Os escravos alocados na casa-grande, o domicílio do proprietário dos cativos, recebiam tratamento privilegiado em relação aos que trabalhavam no campo ou nos engenhos de açúcar. Outros foram designados para desempenhar diversos cargos nas cidades. Independentemente da função exercida, havia um contraste nítido quanto à alimentação e vestimentas entre tais grupos de indivíduos subjugados pela instituição escravocrata.

Para evitar a fuga, vários escravos foram acorrentados, enquanto outros usaram máscaras de ferro. No caso da região mineradora, usamos uma máscara de Flandres para evitar que engolissem diamantes ou evitassem embriaguez e até o suicídio por ingestão de terra.

O propósito da violência sistemática contra os escravos era instilar medo em relação aos seus senhores e evitar fugas e rebeliões. No entanto, para as escravas, esse tipo de violência assumia um carácter ainda mais perverso: para além das dificuldades relacionadas ao trabalho imposto que já suportavam, eram frequentemente vítimas de estupro perpetradas por donos ou administradores.

Escravos rebeldes ou aqueles que cometessem delitos menores poderiam enfrentar punições severas. Entre as punições infligidas a eles, as chicotadas eram particularmente comuns. Muitos dos escravos punidos receberam 300 chicotadas ou mais – o suficiente para levar um ser humano às portas da morte.

De acordo com o relato resgatado pelo historiador Thomas Skidmore, os escravos foram submetidos a punições extremamente brutais por ofensas consideradas insignificantes. Alguns deles foram lançados vivos na fornalha ou mortos de maneiras bárbaras e desumanas, enquanto outros sofriam enforcamento ou envenenamento como forma de execução.

Entretanto, a escravização e a violência direcionadas aos africanos não eram aceitas pacificamente por eles. A história da escravidão africana no Brasil é descrita pela resistência e luta dos africanos que fugiram, criaram comunidades independentes (quilombos), se rebelaram contra seus opressores matando feitores e senhores de engenho entre outras ações revolucionárias. Alguns grandes exemplos dessa resistência foram o Quilombo dos Palmares e a Revolta dos Malês.

O fim da escravidão

A Lei Áurea foi aprovada pelo Senado e assinada pela princesa Isabel em 13 de maio de 1888, tornando o Brasil o último país do continente americano a abolir o trabalho escravo. A abolição não se deve manter a monarquia brasileira, mas sim ao engajamento popular e resistência dos próprios escravos que lutaram por sua liberdade.

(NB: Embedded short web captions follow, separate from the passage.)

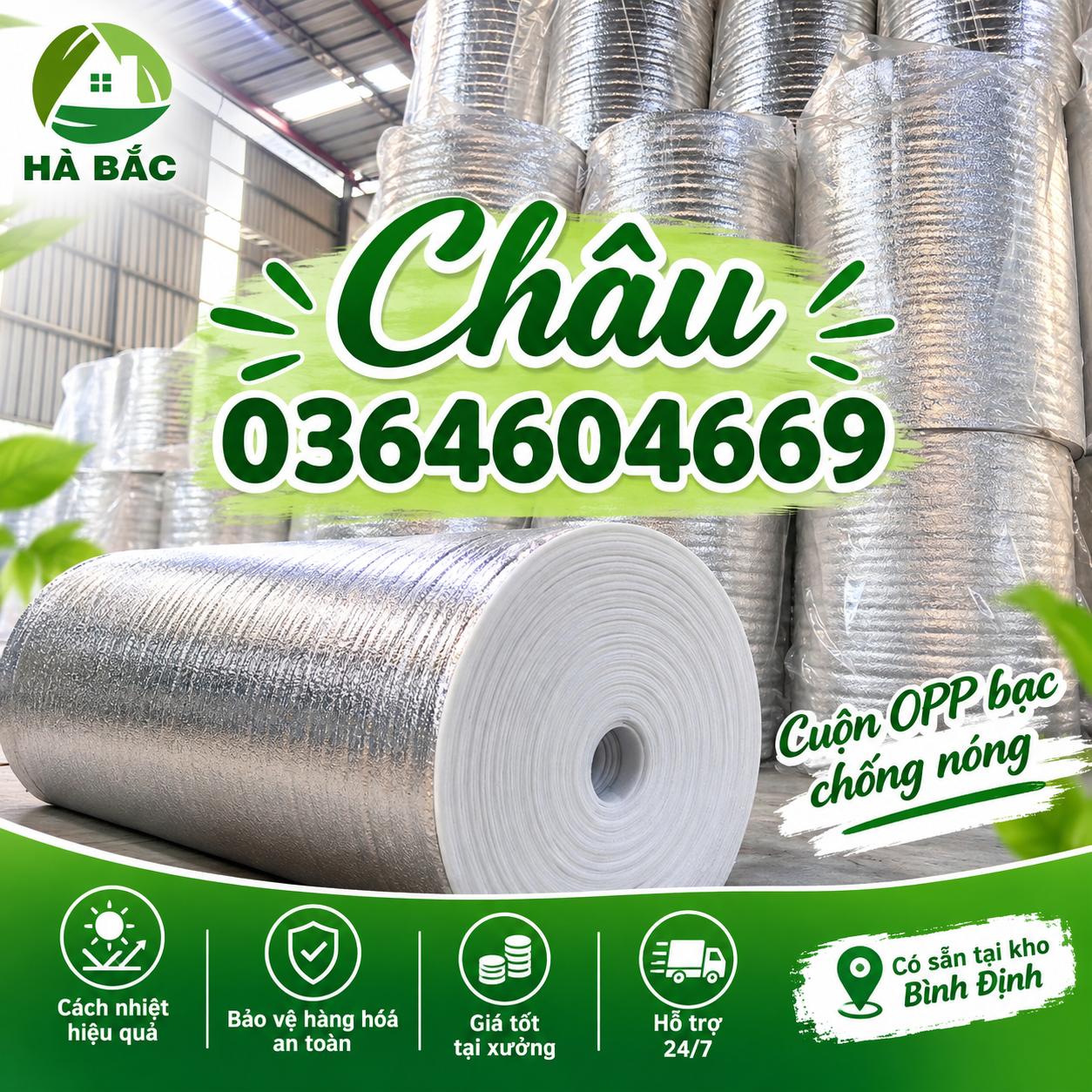 Cuộn OPP bạc chống nóng – Giải pháp cách nhiệt hiệu quả cho nhà xưởng và công trình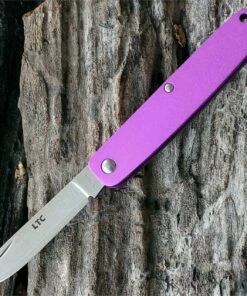 Wholesale ❤️ Fallkniven LTCPU Legal to Carry Pen Knife Purple Aluminum Handle 🎉
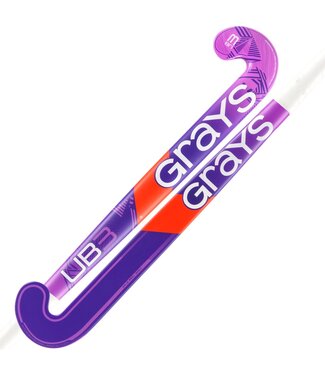 Grays Grays Ultrabow 3 Junior 10% Carbon Veldhockeystick Purple
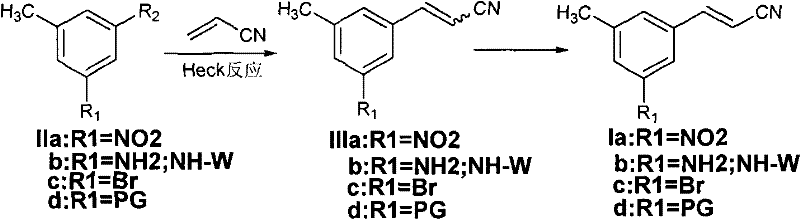 Specific reaction conditions and catalysts for the Heck reaction synthesis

O movimento abolicionista cresceu no país na década de 1870, mas um marco importante a ser considerado é a proibição do comércio negreiro através da Lei Eusébio de Queirós em 1850. Essa legislação interrompeu o fluxo contínuo de escravos para o Brasil e permitiu significativamente sua quantidade no território brasileiro.

O movimento abolicionista no Brasil se manifestou de diversas formas. Surgiram muitas associações com esse objetivo, foram organizadas conferências e eventos públicos para discutir o tema, dinheiro foi arrecadado para libertar escravos, advogados passaram a defender os direitos dos escravos junto aos seus senhores, jornalistas publicaram diversos artigos defendendo a causa da abolição e indivíduos comuns acolheram em suas casas fugitivos em busca de proteção.

Os escravos desempenharam um papel importante na subversão da instituição da escravidão, fugindo em massa ou isoladamente e criando comunidades de resistência conhecidas como quilombos. Eles também organizaram rebeliões que resultaram na morte de seus senhores. Durante uma década de 1880 houve numerosas revoltas e fugas por parte dos escravizados.

A pressão exercida pela população livre e pelos escravos tornou-se tão intensa que, no final da década de 1880, uma desordem era visível - o Império já não tinha mais controle sobre a situação. Sendo obrigado à ação por esta pressão crescente, o Império acabou promulgando em 13 de maio de 1888 a Lei Áurea.

A população reagiu à promulgação da lei com grande alegria, e as celebrações se estenderam por vários dias. No entanto, não foram adotadas medidas de apoio aos negros libertos após a abolição, o que resultou em sua marginalização contínua - sofrimento preconceito e violência -, além de terem dificuldades para acesso a possibilidades educacionais ou oportunidades justas no mercado profissional.